When I first set my favorite radio stations I didn't do them in frequency order and it bugged me but I just left it alone. With the newest firmware update all my presets actually flip-flopped from the order I had become familiar with and then it REALLY bugged me. Being the guy who likes everything in order this just would not work. I had 12 preset stations and no way I could remember them all so here is my quick fix:

1. Take a quick cell phone pic of all pre-sets
2. Delete all of them (press and hold until you see the "x"......this will not work in full screen mode)
3. Start with the highest frequency first and favorite them again in order
4. Now, they are all in order, right to left, lowest freq to highest
5. Life is all better now and the universe is happy!


----------



## Rich M (Jul 28, 2017)

Great minds think alike  though I went for the more traditional writing down instead of cell phone pic.
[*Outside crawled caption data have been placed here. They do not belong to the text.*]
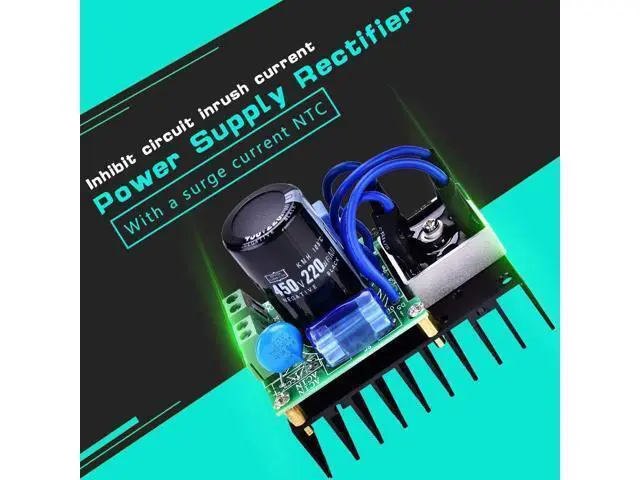 Alt view image 3 of 5 - Rectifier Board Module, 0-220V AC to 0-311V DC Rectifier Power Supply Board Universal Mutiple Against Power Supply Board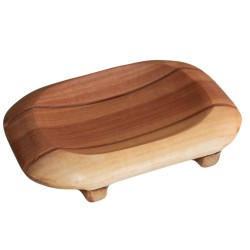 Classic mahogany soap dish - oval in corner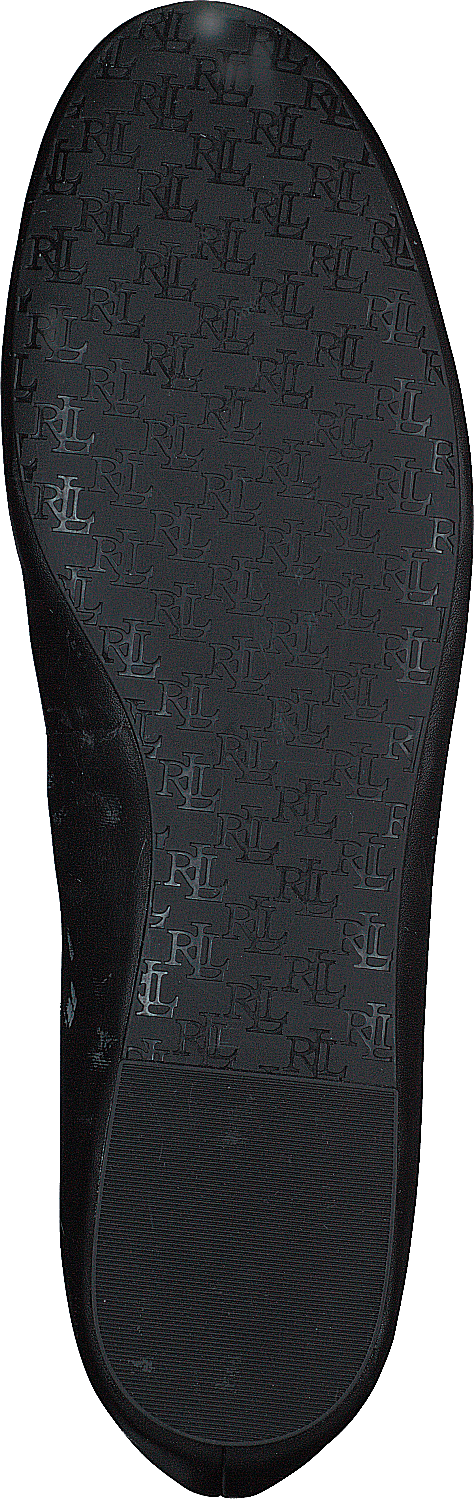 Jayna Leather Flat Black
The audio controls definitely need to be a bit easier to use.







https://teslaownersonline.com/threa...ng-from-your-model-3.6056/page-10#post-112374


----------



## skygraff (Jun 2, 2017)

Not to burst a supremely ordered bubble, but, unfortunately, the software has a tendency to reorder them, on its own, from highest to lowest. Happens with resets, updates, and just randomly for me.

If that’s been fixed, I’m very happy!

By the way, you can reorder them by unfavoriting the and refavoriting them one at a time starting with the one you want to end up furthest to the right (in other words you don’t have to delete them all and start over). I gave up on that exercise the third time they reordered themselves.


----------



## 3V Pilot (Sep 15, 2017)

Rich M said:


> Great minds think alike  though I went for the more traditional writing down instead of cell phone pic. The audio controls definitely need to be a bit easier to use.
> View attachment 12983
> https://teslaownersonline.com/threa...ng-from-your-model-3.6056/page-10#post-112374


Ya know, I figured that somebody already posted this info but I couldn't find it with a search and thought it might help someone if it had a thread. Not that it's hard to figure out how to do it but I know too many people who are, lets say, "Technologically Challenged".....


----------



## Beagle (May 10, 2018)

The thing that bugs us is that the car generally, not always, decides to wake up with a random station, not the one it went to sleep with. As a car for a married couple it isn't supposed to do this.


----------